Python optimizations exercise.

From there I wanted to post cleanly all my findings. I include all my sources, so you can reproduce it. Basically, Pavel wanted to optimize a simple use case. Here is my shot at it: First the test.py, the html7 implementation and a slightly improved one where I don't force python to go back and forth between bytes and unicode + the benchmark timer :
import timeit


WHITELIST2 = set('abcdefghijklmnopqrstuvwxyzABCDEFGHIJKLMNOPQRSTUVWXYZ0123456789')
WHITELIST2_UNI = set(u'abcdefghijklmnopqrstuvwxyzABCDEFGHIJKLMNOPQRSTUVWXYZ0123456789')
r = u'234782384723!#$#@!%$@#%$@#%#$%%%%%%%%%%%@#$%342583492058934028590342853490285902344#$%%*%****%7jkb6h546777776ynkk4b56byhbh5j'*500

def html7():
    s = r
    lstr = str; lord = ord; lWHITELIST2 = WHITELIST2
    return "".join([
        c if c in lWHITELIST2
        else "&#" + lstr(lord(c)) + ";"
        for c in s])

def htmlGB():
    s = r
    lstr = unicode; lord = ord; lWHITELIST2 = WHITELIST2_UNI
    return u''.join([
        c if c in lWHITELIST2
        else u'&#' + lstr(lord(c)) + u';'
        for c in s])
assert(html7() == htmlGB())

t = timeit.Timer(stmt = html7)
print 'html7:' + str(t.timeit(number=100))

t = timeit.Timer(stmt = htmlGB)
print 'htmlGB:' + str(t.timeit(number=100))
It gives me that as timing under python and pypy 1.5 :
⚫ python test.py 
html7:2.48782491684
htmlGB:2.14983606339

⚫ pypy-c1.5 test.py
html7:2.44286298752
htmlGB:1.84629392624
Note: the other implementation with caching & statistical tryouts are too convoluted and too much on the speed over memory tradeoff for this simple task IMHO. Then I wanted to go further, so I made a simple port on cython then a "bare metal" version on cython, and I have been really impressed by it ! In order to compile in cython you need a simple makefile-like setup.py file:
from distutils.core import setup
from distutils.extension import Extension
from Cython.Distutils import build_ext

ext_modules = [Extension("encode", ["encode.pyx"])]

setup(
  name = 'Encoding Test',
  cmdclass = {'build_ext': build_ext},
  ext_modules = ext_modules
)
Then here are my implementations : cython is the direct port, cython_alt is the C-like bare metal one. In the file encode.pyx put:
WHITELIST = set(u'abcdefghijklmnopqrstuvwxyzABCDEFGHIJKLMNOPQRSTUVWXYZ0123456789')
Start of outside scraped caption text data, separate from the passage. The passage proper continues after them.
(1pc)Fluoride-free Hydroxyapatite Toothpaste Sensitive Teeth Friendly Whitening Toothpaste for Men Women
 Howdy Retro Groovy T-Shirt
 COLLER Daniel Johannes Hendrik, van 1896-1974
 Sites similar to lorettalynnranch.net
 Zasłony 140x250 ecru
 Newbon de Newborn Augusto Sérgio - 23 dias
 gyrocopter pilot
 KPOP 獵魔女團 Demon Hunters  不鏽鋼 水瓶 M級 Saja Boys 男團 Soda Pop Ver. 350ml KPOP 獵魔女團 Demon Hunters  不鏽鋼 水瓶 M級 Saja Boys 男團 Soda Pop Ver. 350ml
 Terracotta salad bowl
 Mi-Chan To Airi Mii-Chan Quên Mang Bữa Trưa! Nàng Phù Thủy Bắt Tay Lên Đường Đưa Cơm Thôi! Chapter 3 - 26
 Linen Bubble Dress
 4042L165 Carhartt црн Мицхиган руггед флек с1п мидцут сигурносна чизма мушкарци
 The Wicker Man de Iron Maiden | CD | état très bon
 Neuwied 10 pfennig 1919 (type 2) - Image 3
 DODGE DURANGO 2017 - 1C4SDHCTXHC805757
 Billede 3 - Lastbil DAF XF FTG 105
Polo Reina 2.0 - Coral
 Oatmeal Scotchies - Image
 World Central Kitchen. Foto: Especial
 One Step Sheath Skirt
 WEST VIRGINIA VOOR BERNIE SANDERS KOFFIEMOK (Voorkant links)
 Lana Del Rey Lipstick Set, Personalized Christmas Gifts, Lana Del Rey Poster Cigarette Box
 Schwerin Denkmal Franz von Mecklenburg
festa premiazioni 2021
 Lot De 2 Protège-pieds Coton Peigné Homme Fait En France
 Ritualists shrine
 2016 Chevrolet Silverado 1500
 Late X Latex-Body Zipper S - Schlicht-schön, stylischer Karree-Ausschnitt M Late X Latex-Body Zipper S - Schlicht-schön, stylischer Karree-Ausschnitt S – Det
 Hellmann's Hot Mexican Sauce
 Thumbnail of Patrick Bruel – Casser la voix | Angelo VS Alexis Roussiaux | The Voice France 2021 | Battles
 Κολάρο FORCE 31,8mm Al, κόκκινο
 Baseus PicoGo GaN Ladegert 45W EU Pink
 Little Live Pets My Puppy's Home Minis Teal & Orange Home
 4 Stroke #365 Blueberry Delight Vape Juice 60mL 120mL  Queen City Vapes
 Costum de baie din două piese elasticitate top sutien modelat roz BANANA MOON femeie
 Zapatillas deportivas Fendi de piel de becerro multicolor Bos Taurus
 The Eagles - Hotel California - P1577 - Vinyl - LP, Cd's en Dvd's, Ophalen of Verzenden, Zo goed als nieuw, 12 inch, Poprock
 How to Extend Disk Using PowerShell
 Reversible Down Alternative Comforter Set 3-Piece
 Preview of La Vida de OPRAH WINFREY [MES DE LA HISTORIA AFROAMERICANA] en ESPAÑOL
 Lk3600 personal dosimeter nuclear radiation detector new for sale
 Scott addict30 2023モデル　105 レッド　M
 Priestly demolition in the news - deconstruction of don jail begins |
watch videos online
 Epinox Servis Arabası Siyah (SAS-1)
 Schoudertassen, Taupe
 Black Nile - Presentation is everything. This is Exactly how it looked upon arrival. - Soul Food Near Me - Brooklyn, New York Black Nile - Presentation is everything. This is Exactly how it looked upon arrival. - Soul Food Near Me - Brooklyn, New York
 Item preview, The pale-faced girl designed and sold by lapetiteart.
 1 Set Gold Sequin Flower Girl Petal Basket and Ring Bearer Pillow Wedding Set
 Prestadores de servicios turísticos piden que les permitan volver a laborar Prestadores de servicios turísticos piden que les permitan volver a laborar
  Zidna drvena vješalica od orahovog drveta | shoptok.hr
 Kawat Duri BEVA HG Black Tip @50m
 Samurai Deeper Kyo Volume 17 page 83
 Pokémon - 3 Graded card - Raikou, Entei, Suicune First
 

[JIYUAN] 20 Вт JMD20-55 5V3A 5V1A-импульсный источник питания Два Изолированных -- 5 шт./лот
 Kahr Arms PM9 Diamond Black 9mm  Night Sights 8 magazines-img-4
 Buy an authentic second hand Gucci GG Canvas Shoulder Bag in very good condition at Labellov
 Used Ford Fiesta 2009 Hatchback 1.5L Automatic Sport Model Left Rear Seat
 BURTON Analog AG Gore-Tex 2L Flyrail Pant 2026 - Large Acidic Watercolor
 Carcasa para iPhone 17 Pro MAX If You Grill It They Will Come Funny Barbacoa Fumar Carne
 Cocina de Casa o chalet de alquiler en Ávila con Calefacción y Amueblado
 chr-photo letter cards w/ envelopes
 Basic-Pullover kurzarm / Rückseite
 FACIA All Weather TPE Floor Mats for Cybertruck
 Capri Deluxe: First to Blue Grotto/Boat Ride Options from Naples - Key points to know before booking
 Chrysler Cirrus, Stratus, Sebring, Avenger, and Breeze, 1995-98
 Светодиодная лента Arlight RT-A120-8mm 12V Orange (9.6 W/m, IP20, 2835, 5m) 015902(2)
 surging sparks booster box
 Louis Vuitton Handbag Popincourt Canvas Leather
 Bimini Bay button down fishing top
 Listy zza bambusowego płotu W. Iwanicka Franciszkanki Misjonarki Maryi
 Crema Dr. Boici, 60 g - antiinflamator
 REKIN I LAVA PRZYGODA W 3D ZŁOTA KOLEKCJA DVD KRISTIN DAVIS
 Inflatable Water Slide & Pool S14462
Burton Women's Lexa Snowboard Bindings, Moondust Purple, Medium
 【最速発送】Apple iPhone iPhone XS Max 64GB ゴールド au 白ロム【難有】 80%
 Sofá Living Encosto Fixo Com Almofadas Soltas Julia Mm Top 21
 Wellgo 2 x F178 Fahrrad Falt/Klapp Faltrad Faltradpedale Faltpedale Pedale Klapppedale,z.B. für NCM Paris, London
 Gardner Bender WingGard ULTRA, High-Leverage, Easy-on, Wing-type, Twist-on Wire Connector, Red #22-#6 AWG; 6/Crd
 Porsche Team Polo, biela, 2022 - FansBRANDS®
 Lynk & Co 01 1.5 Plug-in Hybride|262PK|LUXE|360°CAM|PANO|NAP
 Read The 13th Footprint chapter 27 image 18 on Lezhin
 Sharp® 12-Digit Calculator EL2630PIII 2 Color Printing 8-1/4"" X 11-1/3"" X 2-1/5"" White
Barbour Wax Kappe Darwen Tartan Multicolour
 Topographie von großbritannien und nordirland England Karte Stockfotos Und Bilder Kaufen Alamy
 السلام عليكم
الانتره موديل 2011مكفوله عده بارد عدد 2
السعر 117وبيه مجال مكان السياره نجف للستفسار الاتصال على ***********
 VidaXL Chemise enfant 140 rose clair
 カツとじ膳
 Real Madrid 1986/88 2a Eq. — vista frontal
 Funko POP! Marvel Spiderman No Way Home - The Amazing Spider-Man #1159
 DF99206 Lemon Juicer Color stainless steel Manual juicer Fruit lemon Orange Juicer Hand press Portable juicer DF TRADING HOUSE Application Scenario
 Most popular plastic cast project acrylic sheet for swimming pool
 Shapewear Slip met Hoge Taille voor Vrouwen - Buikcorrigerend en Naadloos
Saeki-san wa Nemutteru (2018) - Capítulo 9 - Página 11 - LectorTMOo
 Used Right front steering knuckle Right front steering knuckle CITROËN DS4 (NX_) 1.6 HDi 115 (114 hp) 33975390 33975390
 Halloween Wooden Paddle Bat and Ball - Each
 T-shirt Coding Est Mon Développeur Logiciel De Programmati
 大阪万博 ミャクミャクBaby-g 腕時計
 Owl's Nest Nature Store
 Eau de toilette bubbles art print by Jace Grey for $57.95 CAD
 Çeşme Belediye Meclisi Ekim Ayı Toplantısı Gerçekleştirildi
from libc.stdlib cimport malloc, free
from libc.stdio cimport sprintf

def cython(unicode s):
    return u''.join([
    c if c in WHITELIST
    else u'&#' + unicode(< long > c) + u';'
    for c in s])

def cython_alt(unicode s):
    cdef char * buffer = < char * > malloc(len(s) * 10)
    cdef int i = 0
    cdef Py_UCS4 c

    for c in s:
        if (c >= u'a' and c <= u'z') or (c >= u'A' and c <= u'Z') or (c >= u'0' and c <= u'9'):
            buffer[i] = < char > c
            i += 1
        else:
            sprintf(buffer + i,'&#%d;',c)
            while buffer[i]:
                i += 1
    result = < bytes > buffer
    free(buffer)
    return result
And the same test runner test_cython :
import timeit
from encode import cython
from encode import cython_alt


r = u'234782384723!#$#@!%$@#%$@#%#$%%%%%%%%%%%@#$%342583492058934028590342853490285902344#$%%*%****%7jkb6h546777776ynkk4b56byhbh5j'*500

def cython2():
    cython(r)

def cython_alt2():
    cython_alt(r)

assert(cython(r) == cython_alt(r))

t = timeit.Timer(stmt = cython2)
print 'cython:' + str(t.timeit(number=100))

t = timeit.Timer(stmt = cython_alt2)
print 'cython_alt:' + str(t.timeit(number=100))
To compile it just do :
python setup.py build_ext --inplace
The results :
⚫ python test_cython.py 
cython:1.70311307907
cython_alt:0.348756790161
Booya ! :)